Sony, TCI Show FED Flat Tube

A next-generation flat-tube display called FED may give videophiles much of what we had hoped for from the frustratingly delayed SED.

FED, fruit of a partnership between Sony and TCI, stands for Field Emission Display. To would-be fans of the Surface-conduction Electron-emitter Display, the name will sound as familiar as the acronym. The 19.2-inch prototype shown at a Japanese trade show has resolution of 1280 by 960 pixels, contrast of 20,000:1, supports frame rates of 24 to 240 frames per second, and shows no dead pixels even if up to 20 percent of the emitters fail. The developers say FED beats LCD and plasma in resolution. Availability and pricing are yet to be announced.

According to Gizmodo, which broke the story to the English-speaking world, the difference between SED and FED is that the Sony/TCI version "uses a grid of carbon nanotubes to emit the electrons that excite phosphor dots in order to create the image." If I understand the original Japanese report correctly, which is highly debatable, the distinction between SED and FED lies in the shape of the electron emitters.
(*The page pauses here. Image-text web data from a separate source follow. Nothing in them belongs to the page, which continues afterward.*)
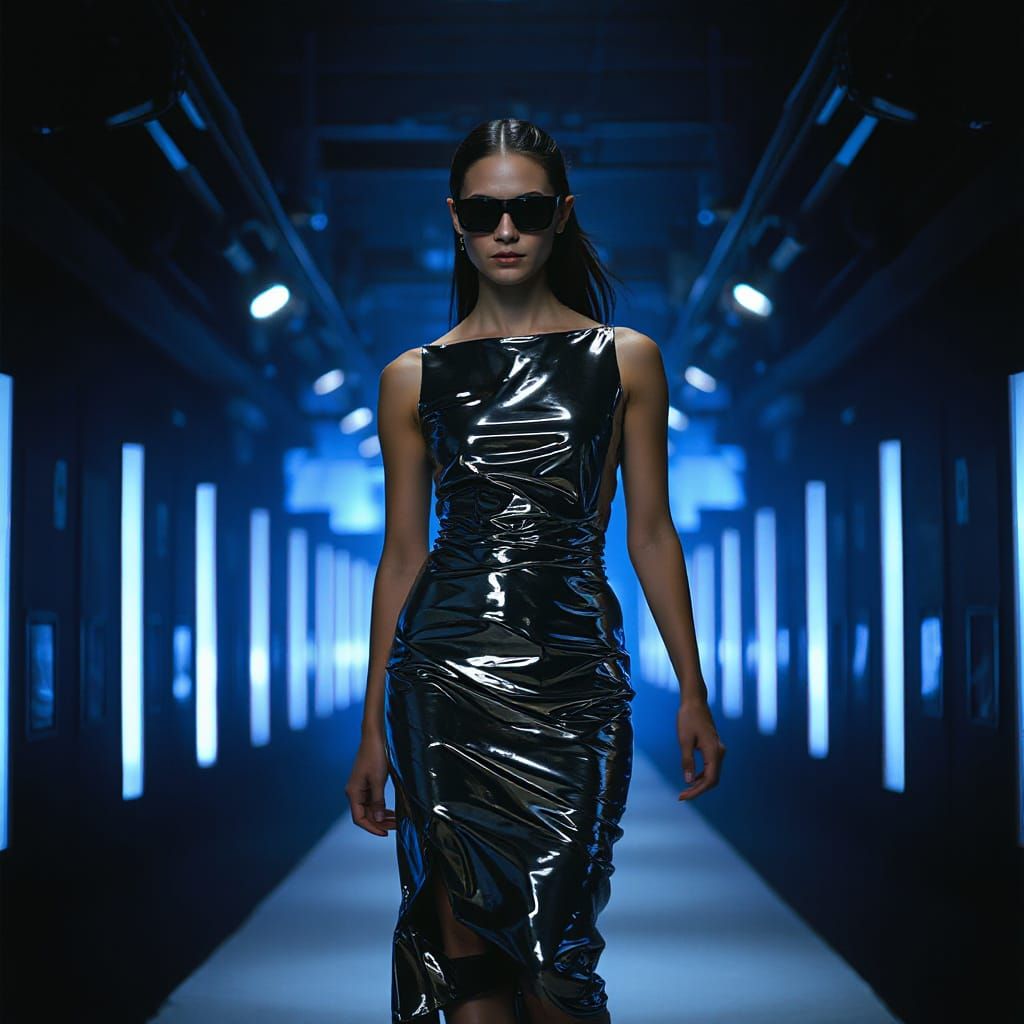 Glamorous Woman Strolls Down a Runway in a Shimmering Chrome...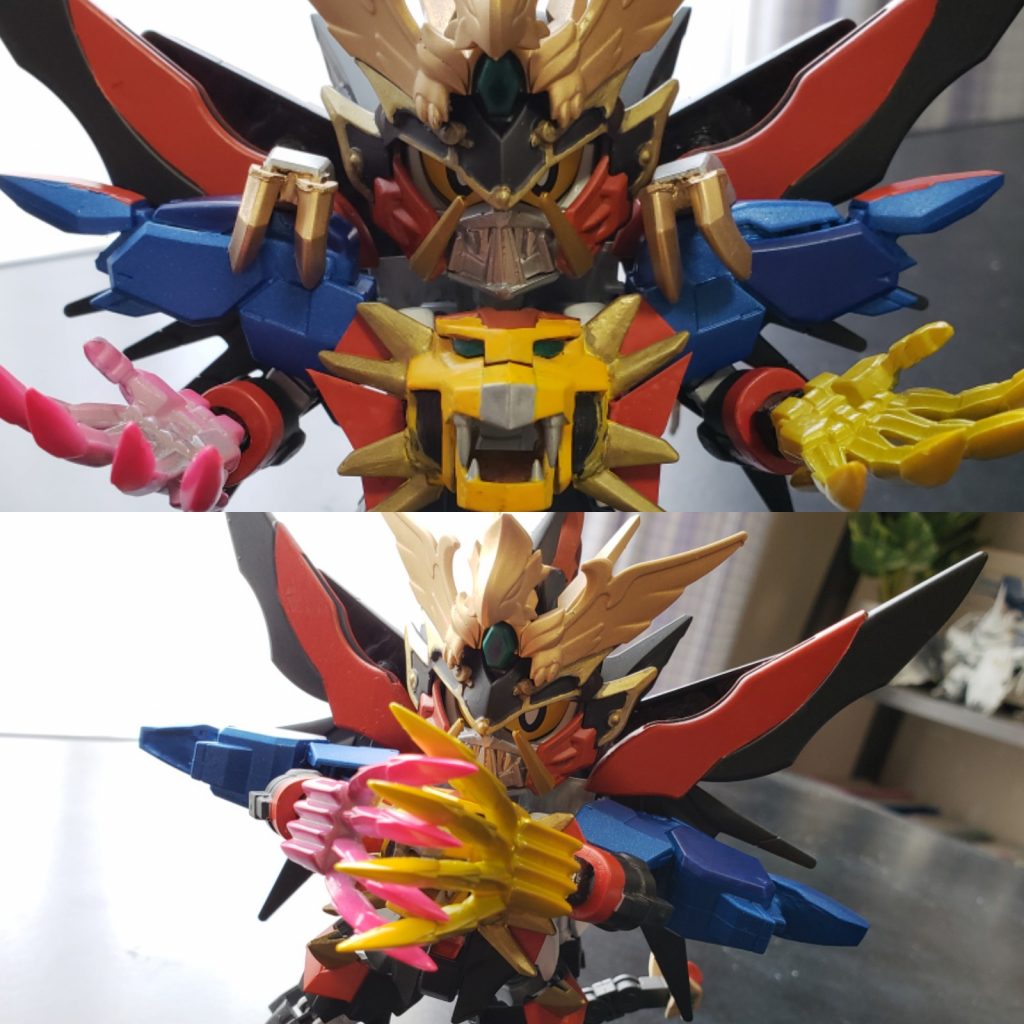 『ガジェットツール! 天・獄・拳!!』
ジャンクパーツからボールジョイントを4つ切り出して加工し、中央をパテで固定してヘルアンドへブンの着脱を可能にしてみました。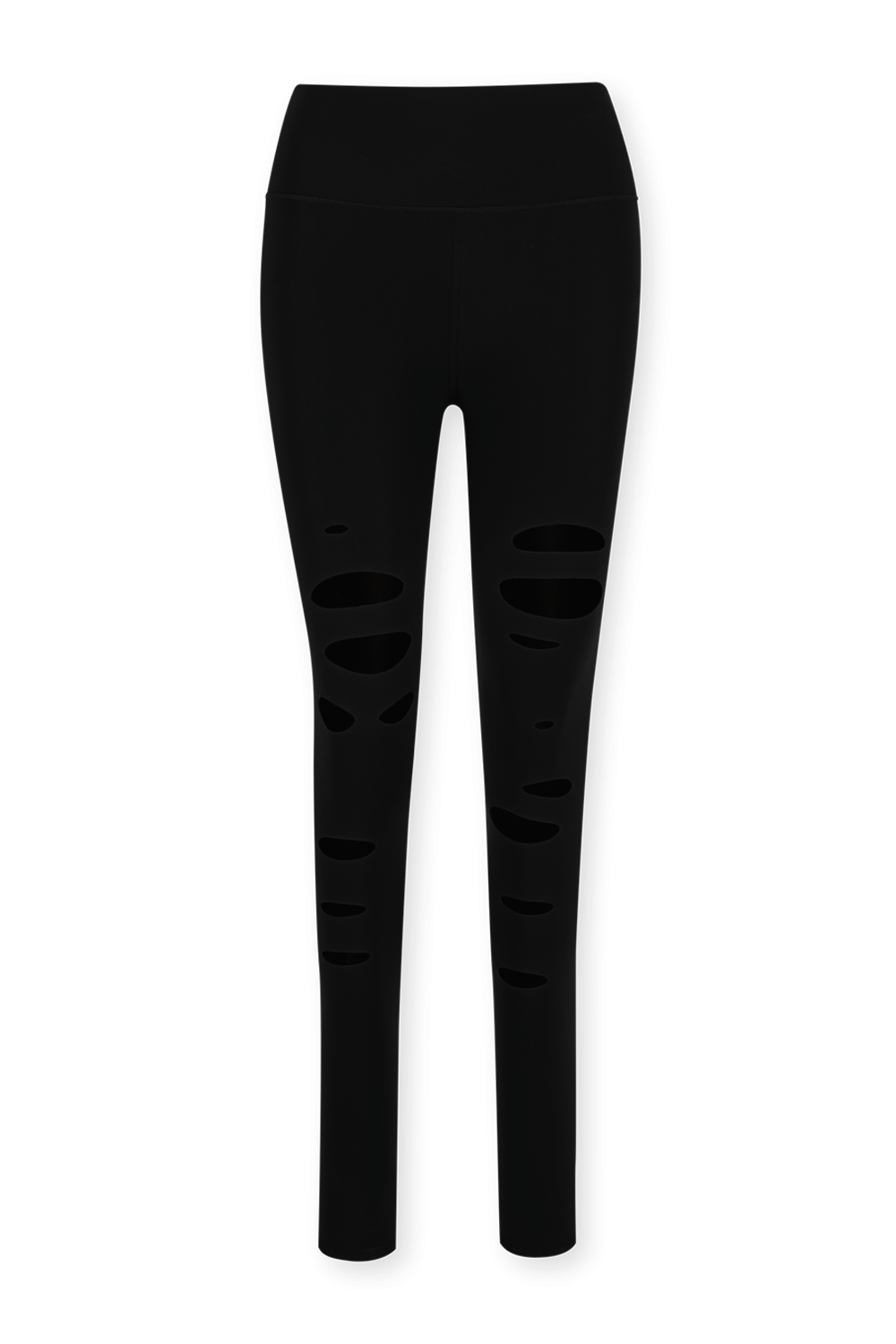 תמונה קידמית של High-Waist Ripped Warrior Leggings in Black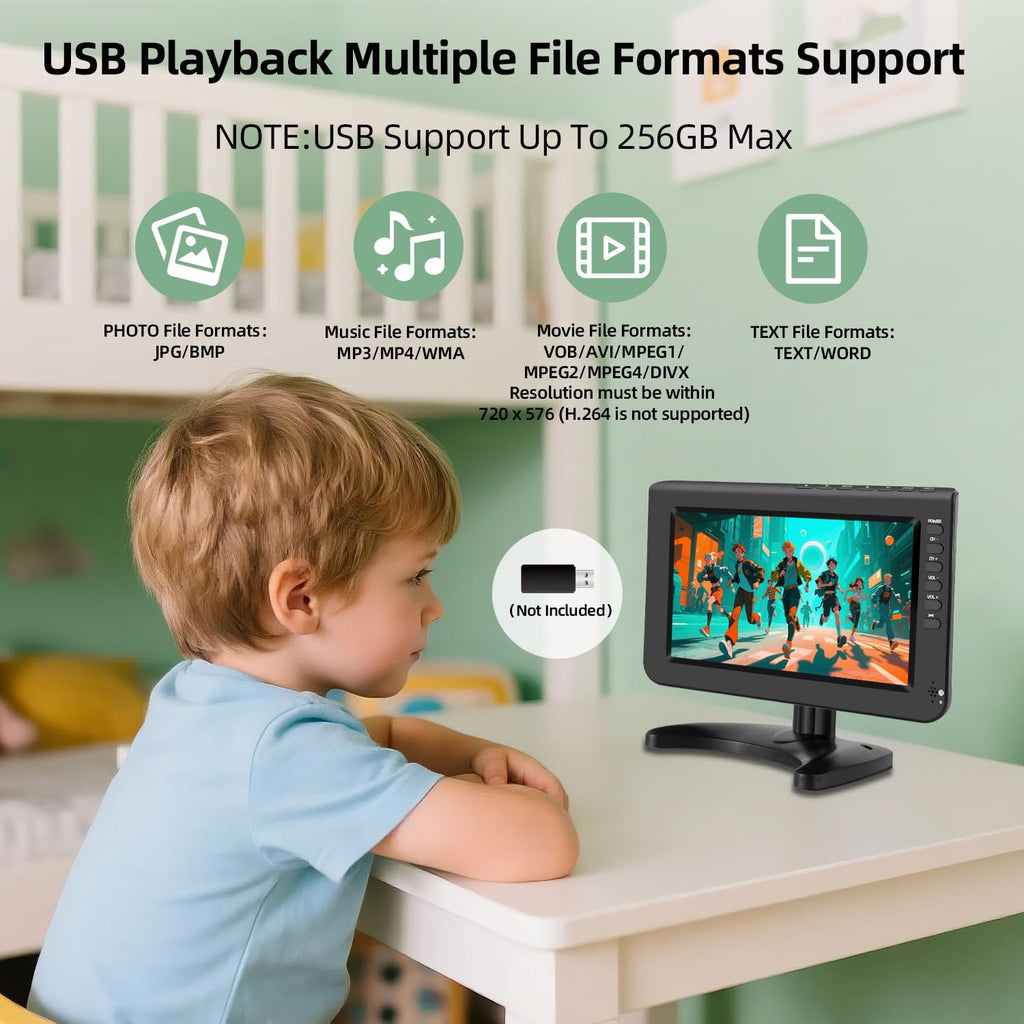 10.1inch Portable TV 720P Screen with Antenna and Digital ATSC Tuner D976647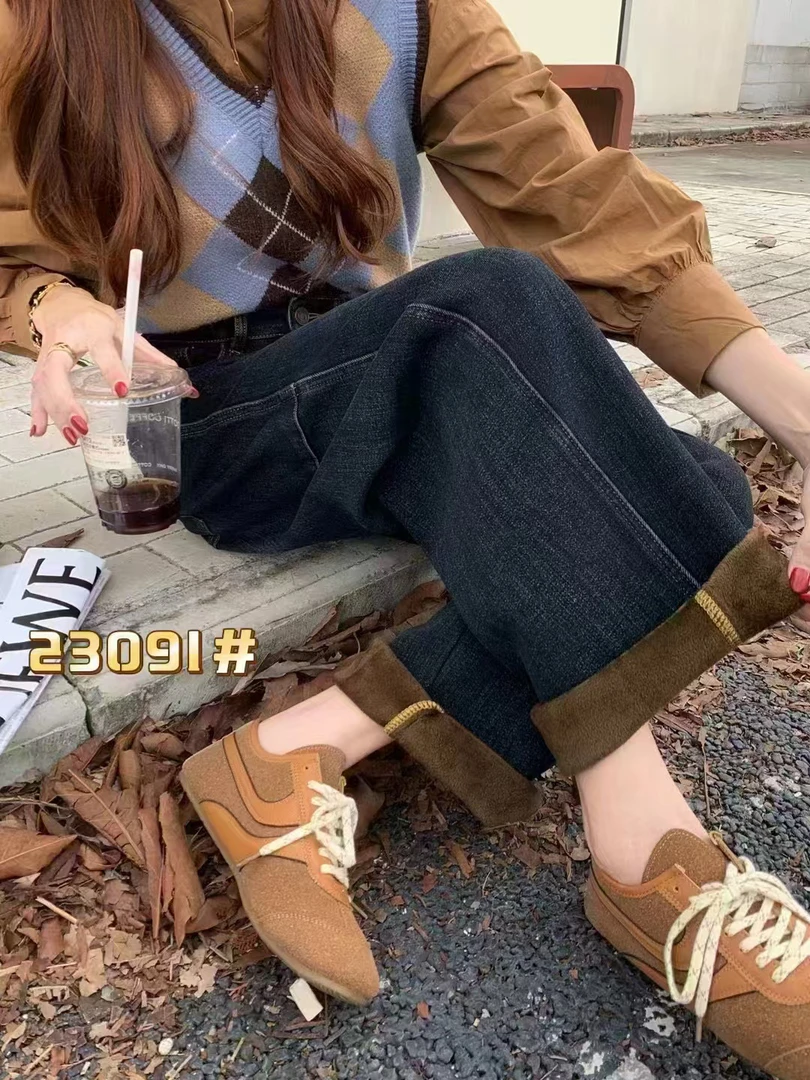 蓝灰色加绒5721牛仔裤女秋冬新高腰宽松显瘦直筒阔腿长裤子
SED fires electrons from a thin-film "nano slit" while FED fires them from a cone-shaped "supinto" emitter.

If you'd like to figure it out for yourself, here's the Gizmodo story, the Japanese original, and the Google translation.

This may be a cheap shot, but the translation concludes: "FED technology degree of completion is high, stopping development this way, the stripe sea urchin endures and or, it is wasted to bury social property."